What to produce → Begin at the line that has "Woodnest Windmill Beach Hotel", stop after the line that has "Wenger SwissGear Insight", and print exactly those lines from the records below, without any pictures.

The input →
---*---

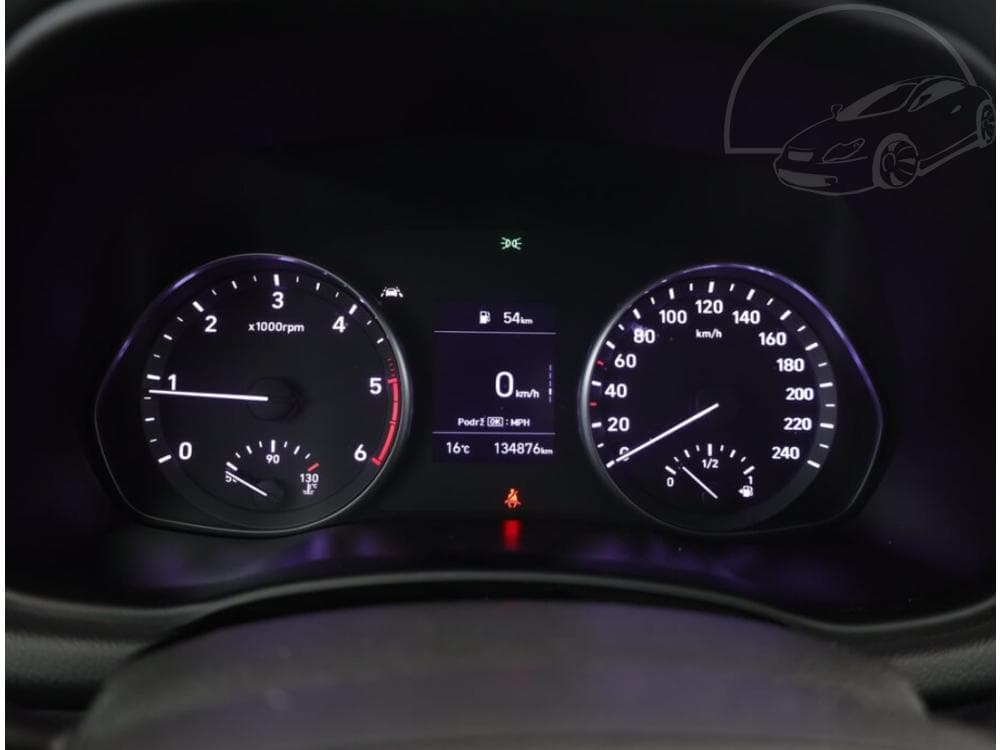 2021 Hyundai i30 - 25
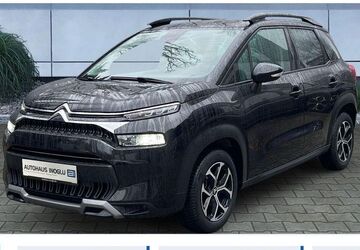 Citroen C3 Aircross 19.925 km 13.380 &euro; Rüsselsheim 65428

---*---

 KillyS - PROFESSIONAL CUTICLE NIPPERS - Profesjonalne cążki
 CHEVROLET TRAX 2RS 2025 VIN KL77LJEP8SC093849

---*---

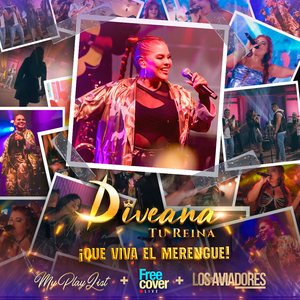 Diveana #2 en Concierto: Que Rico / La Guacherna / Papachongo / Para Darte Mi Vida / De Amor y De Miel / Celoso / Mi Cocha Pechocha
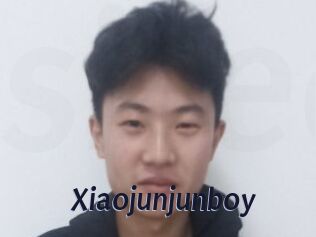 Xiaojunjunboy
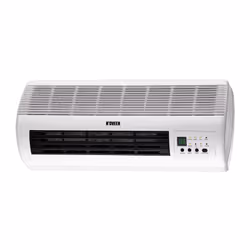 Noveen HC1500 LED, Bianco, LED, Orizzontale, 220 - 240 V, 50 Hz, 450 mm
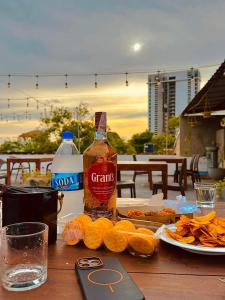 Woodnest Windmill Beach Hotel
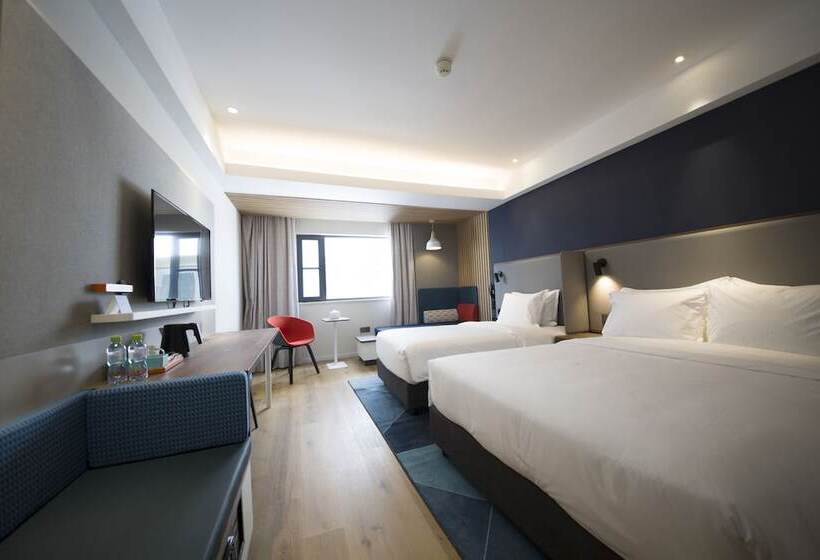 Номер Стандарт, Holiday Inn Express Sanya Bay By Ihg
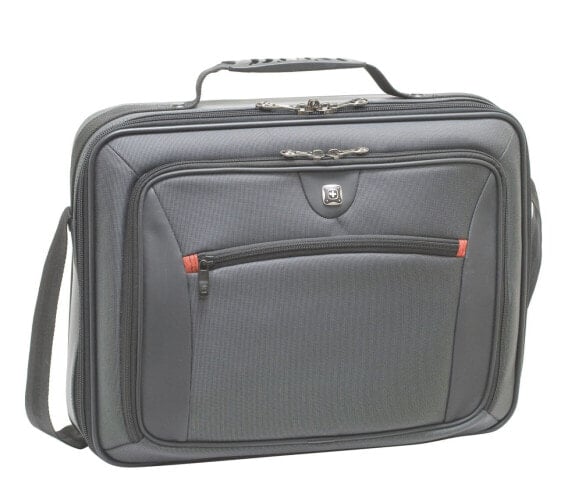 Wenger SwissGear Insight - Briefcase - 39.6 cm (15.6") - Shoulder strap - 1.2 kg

---*---

Response to the task →
 Woodnest Windmill Beach Hotel
 Номер Стандарт, Holiday Inn Express Sanya Bay By Ihg
 Wenger SwissGear Insight - Briefcase - 39.6 cm (15.6") - Shoulder strap - 1.2 kg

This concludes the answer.